12. A metal can body according to claim 11, wherein said
circumferentially extending rib and said plurality of
longitudinally extending ribs are each formed by an area of
increased thickness in said sidewall.
13. A metal can body according to claim 12, wherein said
circumferentially extending rib and said plurality of
longitudinally extending ribs each project radially inwardly from
said sidewall portion.
14. A metal can body according to claim 12, wherein said
non-cylindrical stylized shape of said sidewall portion comprises a
plurality of longitudinally extending grooves formed in said
sidewall portion, and wherein each of said thickened longitudinally
extending ribs are located in one of said grooves.
15. A method of making a metal can, comprising:
(a) forming a sidewall portion that has a plurality of
substantially longitudinally extending ribs, said longitudinal ribs
providing additional axial strength;
(b) assembling at least one can end member to said sidewall portion
to complete formation of a metal can; and
(c) forming the sidewall portion into a non-cylindrical, shaped can
at a point in time after step (a).
16. A can made according to the method described in claim 15.
17. A method according to claim 15, wherein step (a) comprises a
drawing and ironing process that is performed with a punch that has
a plurality of longitudinal grooves therein corresponding to said
ribs.
18. A method according to claim 15, wherein each of said
longitudinally extending ribs are formed by an area of increased
thickness in said sidewall.
19. A method according to claim 18, wherein each of said thickened
longitudinally extending ribs projects radially inwardly from said
sidewall portion.
Description
BACKGROUND OF THE INVENTION
1. Field of the Invention
This invention relates to metal cans, such as those which are in
wide use for packaging soft drinks and other beverages. More
specifically, this invention relates to an improved metal can, and
especially a stylized, shaped can, that provides enhanced strength
characteristics at a given container weight as compared with
conventional metal containers.
2. Description of the Related Technology
Today's market for metal beverage cans is extremely price
competitive, which necessitates making the cans from the least
amount of metal possible while still providing the necessary
structural integrity to prevent collapsing or wrinkling the
container's side wall. Considering the enormous volume of cans that
are made worldwide each year, even a small reduction of the amount
of material that is necessary to provide a can of adequate strength
promises substantial cost savings to the industry. Accordingly, a
great deal of effort is being put into the development of metal
cans having improved strength to weight characteristics.
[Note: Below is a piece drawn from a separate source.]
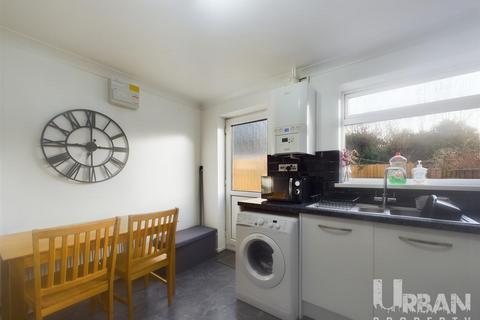14 Broomhead Close, Hull, HU8 9XA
It has been proposed to manufacture two-piece can bodies with
circumferential, longitudinal or helical reinforcing ribs in order
to impart additional column or crush strength to the can body wall.
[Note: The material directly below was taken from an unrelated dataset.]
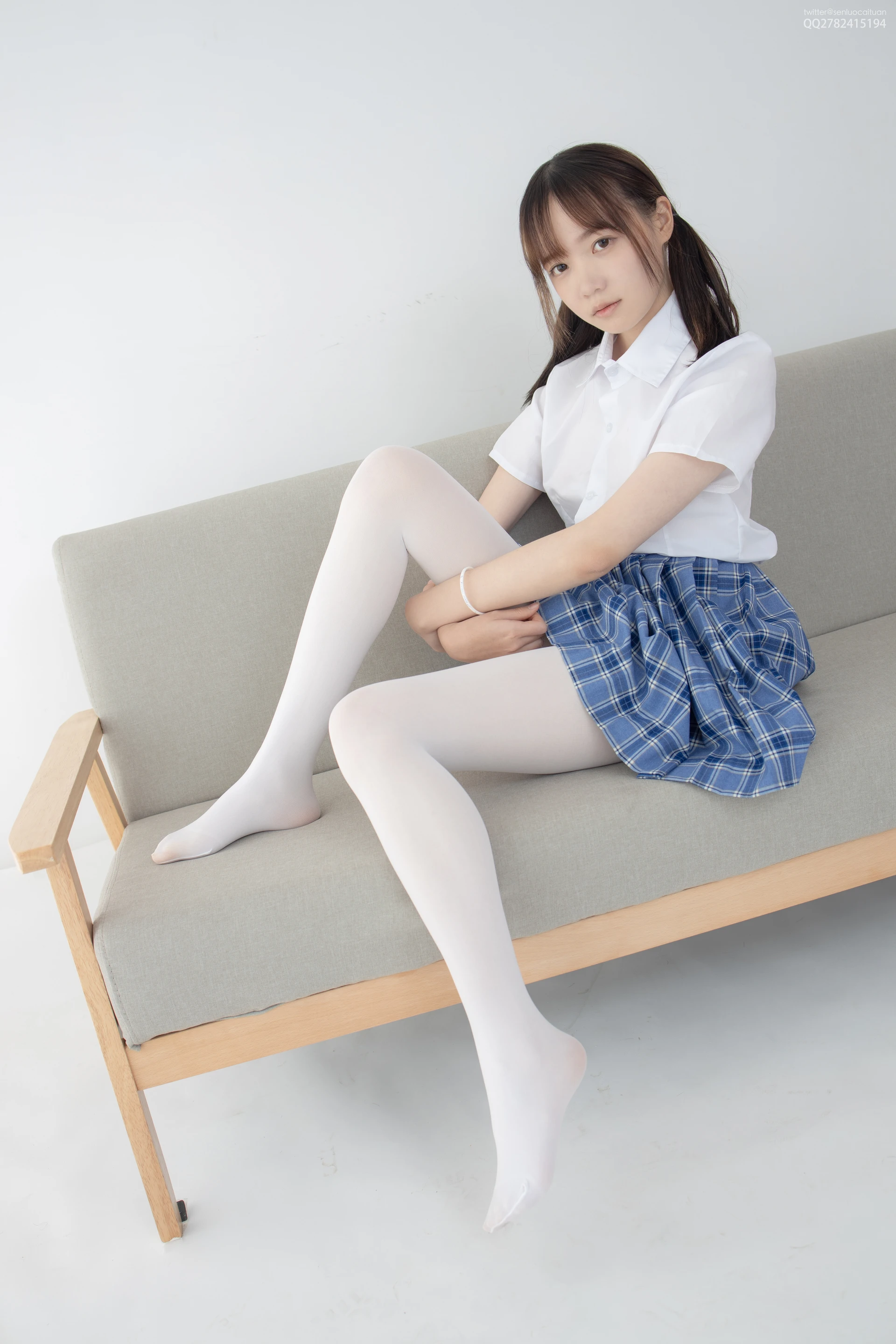 JKFUN-百圆定制 1-2 Aika [34P1V-1.12G]Aika, JKFUN, 可爱, 森萝财团, 白丝, 美腿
In particular, German published patent application DE 23 08 420
(1974) discloses formation of a can body with either helical and
longitudinal ribs by means of a standard drawing and ironing
technique wherein the punch is configured to create the additional
thickness of the reinforcing ribs. A similar invention was the
subject of published PCT application WO83/01916. U.S. Pat. No.
3,610,018 to Swanson et al. discloses manufacturing circumferential
reinforcement ribs into a steel can body in order to increase the
buckling resistance of a steel can.
Recently, there has been a great deal of interest in the can making
industry about the possibility of manufacturing so-called "shaped"
cans, which are configured to deviate from the standard "straight"
or cylindrical shape. A shaped can might be attractive to a
customer, for example, because it can suggest a beverage
manufacturer's distinctive glass or plastic bottle designs, or
other aesthetic or trade dress features. A shaped can is typically
made from a cylindrical metallic preform, which is shaped and sized
quite similarly to a standard straight or cylindrical can body. The
metallic preform is forced into the desired shape by one of a
number of different known methods, most of which use mechanical or
gaseous pressure, or some combination thereof. A complete
understanding of the deformation techniques for making shaped cans,
which are still evolving, is not critical to an understanding of
this invention.
Unfortunately, the shaping process tends to place a great deal of
strain on certain localized areas of the can preform. Furthermore,
any deviation from a cylindrical shape can reduce, among other
things, the axial strength of the can. In addition, shaped cans
tend to be more susceptible than straight cans to outward bowing or
other deformation such as when they are internally pressurized by
carbonation. The extent, location and type of deformation will
depend on the specific configuration of shaped can. For example,
one shaped can design with which the inventors are familiar has a
portion that includes broad, inwardly extending generally
longitudinal depressions or grooves which tend to be pushed
outwardly under pressure. The conventional thought would be that
this could and must be rectified by increasing the can's wall
thickness. Doing that, however, would add to the customer's
projected packaging expenses, making the can design less attractive
to the final customer, who is usually the soft drink manufacturer
or bottler.
A need exists in the industry for an improved metal can body and
method of making that provides additional strength and deformation
resistance to a can body, and especially to a shaped can body,
without adding substantial weight to the can body.
SUMMARY OF THE INVENTION
Accordingly, it is an object of the invention to provide an
improved metal can body and method of making that provides
additional strength and deformation resistance to the can body,
without adding substantial weight to the can body.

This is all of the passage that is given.